Der Gebäudekomplex, wo Belhaj einsaß, ist auch heute noch streng bewacht, die Straßen rundherum sind abgeriegelt. Doch Angst haben die tunesischen Sicherheitskräfte inzwischen vor allem vor Terroranschlägen. Die Zeiten der regelmäßigen Auseinandersetzungen zwischen Polizei und Demonstranten sind Geschichte. Heute gehen die Bewohner der Hauptstadt auf ihrer Hauptstraße vor allem wieder spazieren, Kaffee trinken und einkaufen - wenn sie es sich denn leisten können, denn die hohe Arbeitslosigkeit und Inflation setzen der Bevölkerung auch sechs Jahre nach dem Regimewechsel noch zu.
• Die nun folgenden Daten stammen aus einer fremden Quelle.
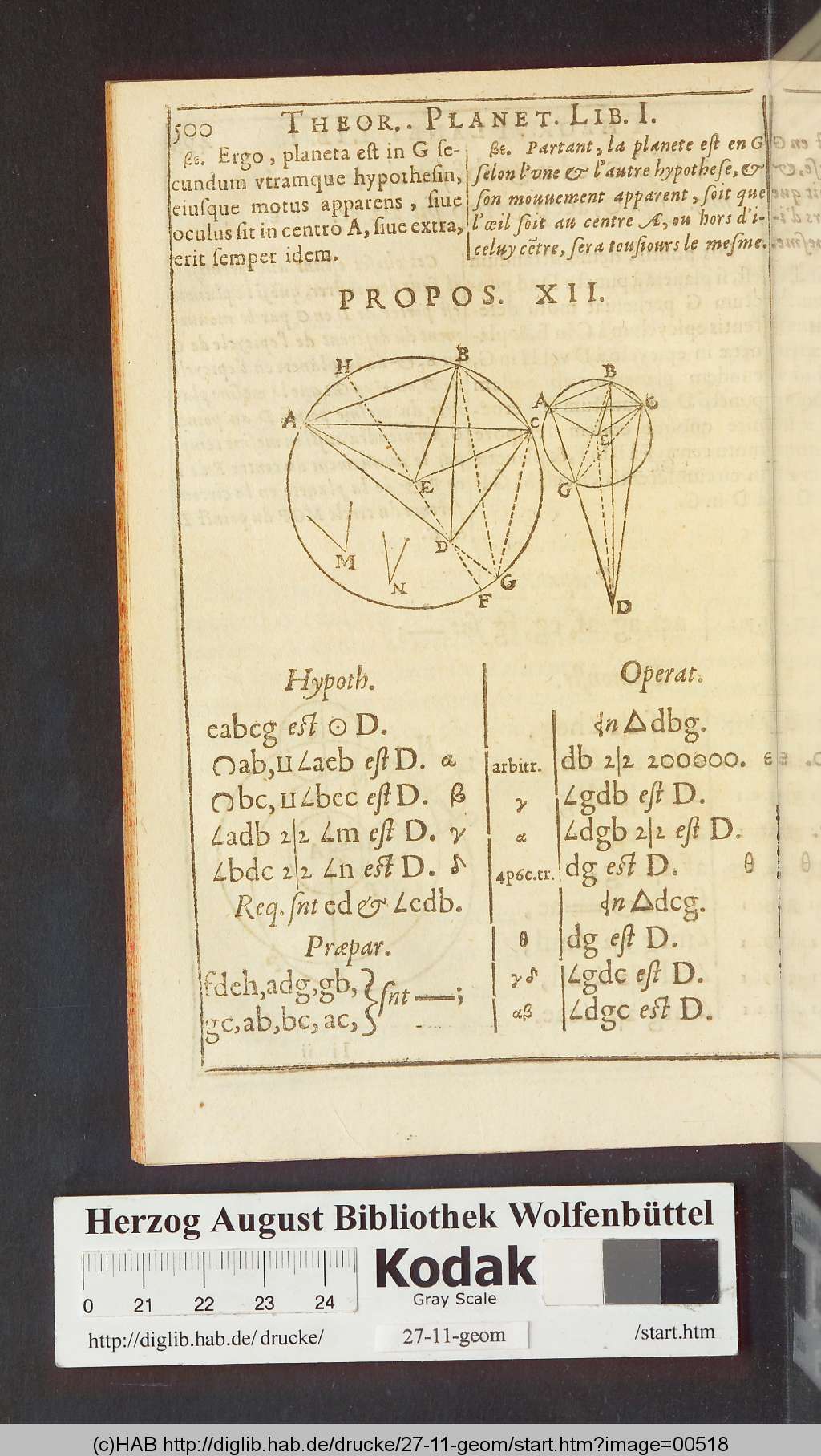 http://diglib.hab.de/drucke/27-11-geom/00518.jpg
Ihre Eltern haben ihr damals verbieten wollen, auf die große Demonstration am 14. Januar zu gehen, erzählt Zeineb Turki. Sie gehört zum Vorstand der liberalen Partei Afek Tounes. "Aber wir waren völlig euphorisiert und sind natürlich trotzdem gegangen." Vor der Selbstverbrennung des Gemüsehändlers Mohamed Bouazizi, die im Dezember 2010 den Aufstand in Tunesien ausgelöst hatte, interessierte sich die Medizinerin kaum für Politik. Sie machte gerade ihr praktisches Jahr im Krankenhaus. "Und dann wurden auf einmal Menschen mit Schussverletzungen eingeliefert. Das hatten wir noch nie erlebt." Als immer mehr Zivilisten bei Protesten verletzt oder erschossen wurden, gewannen die Demonstranten schnell an Zulauf und die Aufstände gegen das korrupte System Ben Alis erreichten die Großstädte.
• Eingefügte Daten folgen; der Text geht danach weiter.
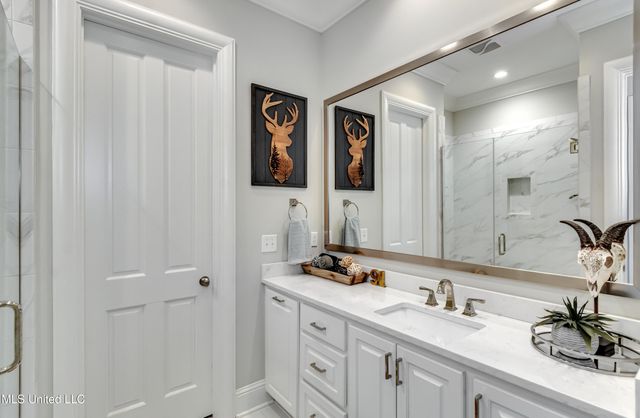 112 Honours Drive, Madison, MS 39110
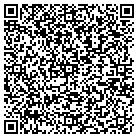 QR code with MICHAELHUTCHENCEINFO.COM contacts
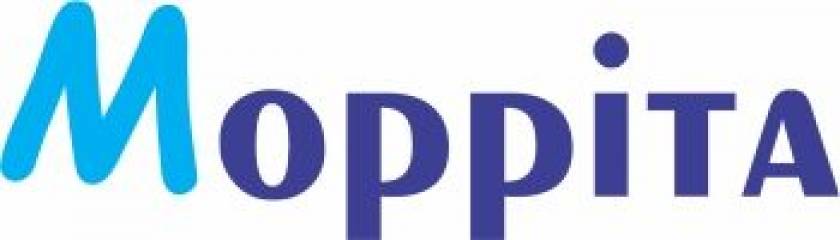 MOPPITA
In West-Kram, einem ärmlichen Vorort der Hauptstadt, ging damals auch Walid Kassraoui auf die Straße. "Gegen sechs Uhr abends, noch vor Beginn der Ausgangssperre, haben sie im ganzen Viertel den Strom abgestellt." Der junge Mann im schwarzen Trainingsanzug zeigt um sich, geht ein paar Schritte die staubige Straße zwischen Einfamilienhäusern entlang. Man muss genau hinschauen, um zu sehen, dass er ein bisschen humpelt. Irgendwo hier, in einer der Seitenstraße, hatte er sich damals mit seinen Nachbarn vor der Polizei versteckt. "Es war stockduster, wir haben nichts gesehen. Auf einmal sind Schüsse gefallen." Er habe gar nicht gemerkt, dass er getroffen wurde, und wollte weglaufen. "Aber da war kein Bein mehr."
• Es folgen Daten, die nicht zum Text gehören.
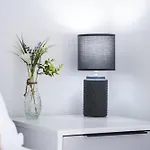 The Interchange - 2-bed - Brand New - Apartmán *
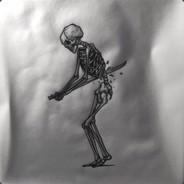 Lazy_Turtle's Stream profile image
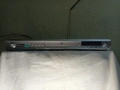 Pioneer DVD player Dv-380, снимка 2
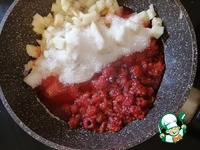 ����� ��-���������� � ������-��������� �������� �����������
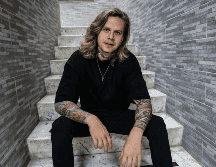 Kike Jiménez habla sobre su nueva canción 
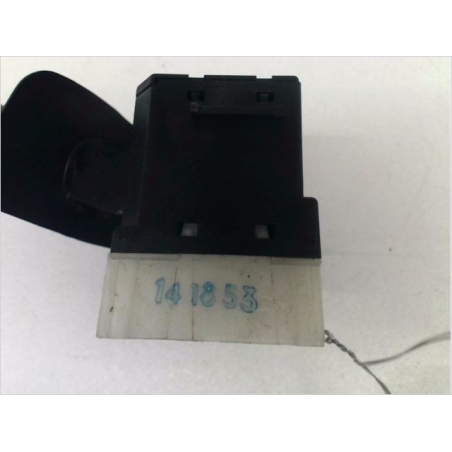 Commande essuie glace occasion RENAULT CLIO II Phase 2 - 1.5 DCI 65ch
"Ich dachte, ich hätte Halluzinationen"

Ein Splittergeschoss zerfetzte Kassraoui den rechten Unterschenkel. Es war der 13. Januar. Vier Tage später wachte Walid im Militärkrankenhaus von Tunis aus dem Koma auf, der Unterschenkel war ihm amputiert worden. Von der letzten Rede des Präsidenten und dessen Flucht nach Saudi-Arabien weiß er nichts. Als ihm die behandelnden Ärzte davon berichten, glaubt er an einen Scherz. "Ich dachte, ich hätte durch die vielen Medikamente Halluzinationen bekommen. Richtig verstanden, was passiert ist, habe ich erst einen Monat später."